— Work request —
Begin at the top of the entries below and write out every line through the one containing "On Sewage System", excluding pictures.

————

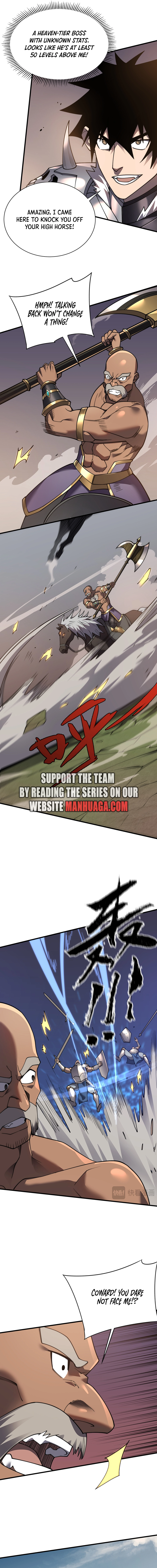 I Became The Game’s Biggest Villain Chapter 96 page 9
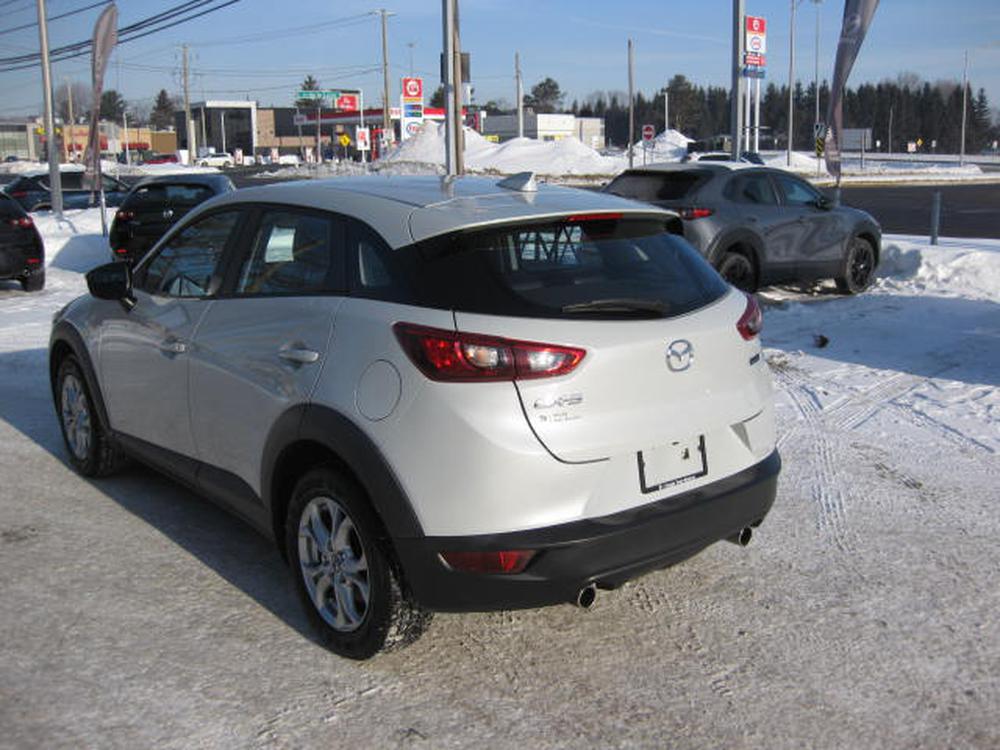 Mazda CX-3 GS-L 2016 d&rsquo;occasion à vendre - 4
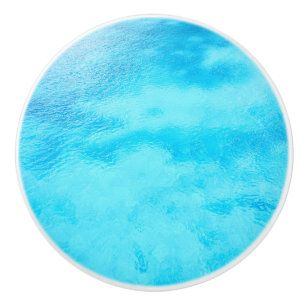 Caribbean Vacation Ceramic Knob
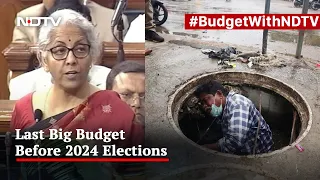 Budget 2023: "Manhole To Machine...": Big Budget Announcement On Sewage System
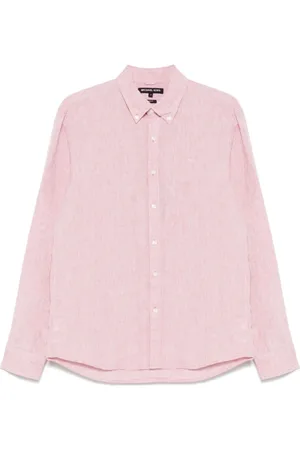 Michael Kors Hombre, Camisas, Rosa, Talla: L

————

— Exercise response —
 I Became The Game’s Biggest Villain Chapter 96 page 9
 Mazda CX-3 GS-L 2016 d&rsquo;occasion à vendre - 4
 Caribbean Vacation Ceramic Knob
 Budget 2023: "Manhole To Machine...": Big Budget Announcement On Sewage System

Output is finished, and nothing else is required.